## YOUR OBJECTIVE
Produce an exact copy of the line containing "Kaemingk Glass Tree with star Bauble Kaemingk" and of every line after it in the material below, ending with the final line.

======

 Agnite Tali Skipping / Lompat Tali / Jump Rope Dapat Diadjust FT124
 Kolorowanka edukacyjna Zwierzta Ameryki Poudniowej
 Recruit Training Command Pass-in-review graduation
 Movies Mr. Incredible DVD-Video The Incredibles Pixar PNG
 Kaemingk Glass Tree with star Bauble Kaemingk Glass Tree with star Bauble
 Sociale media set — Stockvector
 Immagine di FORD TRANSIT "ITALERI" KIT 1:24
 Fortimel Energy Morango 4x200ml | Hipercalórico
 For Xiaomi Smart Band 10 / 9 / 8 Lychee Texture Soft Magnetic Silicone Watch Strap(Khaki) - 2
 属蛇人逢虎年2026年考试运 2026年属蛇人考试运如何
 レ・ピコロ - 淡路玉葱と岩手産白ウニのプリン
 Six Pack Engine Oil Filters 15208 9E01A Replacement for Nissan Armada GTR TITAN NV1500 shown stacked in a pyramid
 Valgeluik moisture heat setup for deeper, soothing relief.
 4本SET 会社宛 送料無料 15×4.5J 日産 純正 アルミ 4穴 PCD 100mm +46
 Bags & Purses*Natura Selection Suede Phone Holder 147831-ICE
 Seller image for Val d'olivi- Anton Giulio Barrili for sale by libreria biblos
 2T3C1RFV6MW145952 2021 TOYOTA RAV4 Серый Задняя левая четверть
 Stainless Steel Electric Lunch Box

======

## SOLUTION TO THE PROBLEM
 Kaemingk Glass Tree with star Bauble Kaemingk Glass Tree with star Bauble
 Sociale media set — Stockvector
 Immagine di FORD TRANSIT "ITALERI" KIT 1:24
 Fortimel Energy Morango 4x200ml | Hipercalórico
 For Xiaomi Smart Band 10 / 9 / 8 Lychee Texture Soft Magnetic Silicone Watch Strap(Khaki) - 2
 属蛇人逢虎年2026年考试运 2026年属蛇人考试运如何
 レ・ピコロ - 淡路玉葱と岩手産白ウニのプリン
 Six Pack Engine Oil Filters 15208 9E01A Replacement for Nissan Armada GTR TITAN NV1500 shown stacked in a pyramid
 Valgeluik moisture heat setup for deeper, soothing relief.
 4本SET 会社宛 送料無料 15×4.5J 日産 純正 アルミ 4穴 PCD 100mm +46
 Bags & Purses*Natura Selection Suede Phone Holder 147831-ICE
 Seller image for Val d'olivi- Anton Giulio Barrili for sale by libreria biblos
 2T3C1RFV6MW145952 2021 TOYOTA RAV4 Серый Задняя левая четверть
 Stainless Steel Electric Lunch Box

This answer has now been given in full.